Disclaimer: These notes are taken for the CS577 Data Privacy course offered by Dr. Erman Ayday in the 2021/2022 Fall Semester at Bilkent University.
Private Information Retrieval (PIR)
In 2006, AOL Research publicly released more than 20 million searches. By that time, this was one of the biggest privacy violations as it contained personal identifiers of users such as credit card numbers and social security numbers. In addition to that, the data set presented some interesting search patterns by users. One example is the search query history of user17556639.
17556639 how to kill your wife
17556639 how to kill your wife
17556639 wife killer
17556639 how to kill a wife
17556639 poop
17556639 dead people
17556639 pictures of dead people
17556639 killed people
17556639 dead pictures
17556639 dead pictures
17556639 dead pictures
17556639 murder photo
17556639 steak and cheese
17556639 photo of death
17556639 photo of death
17556639 death
17556639 dead people photos
17556639 photo of dead people
17556639 www.murderdpeople.com
17556639 decapitated photos
17556639 decapitated photos
17556639 car crashes3
17556639 car crashes3
17556639 car crash photo
[1] points out that there is no way to tell if this user was involved in a criminal act or doing just research for a new TV show. What happens if the search engine or an attacker hacked into the engine's system alerts the police? Considering the fact that Google processes around 63000 queries per second, how many users per day could be reported to the authorities and lead to be a false positive? To prevent such a crisis, users may wish to hide their data access patterns from databases.

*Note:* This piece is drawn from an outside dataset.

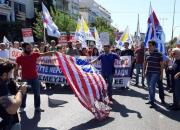 فیلم/ آتش‌زدن پرچم آمریکا در یونان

To make things simpler, let us consider a database of n documents. For a user that tries to access one of these documents, the brute-force approach to hide the search query would be each time accessing every single document on the database. For a really large n, like in the case of Amazon S3 Cloud servers, reaching every single document for each query would not be feasible or practical. Hence we need more advanced solutions. Private Information Retrieval (PIR) is a set of protocols that tries to enable a user to privately retrieve information stored in the database efficiently. We can divide PIR into three approaches: (i) information-theoretical (IT-PIR), (ii) computational (cPIR) and (iii) symmetric (sPIR).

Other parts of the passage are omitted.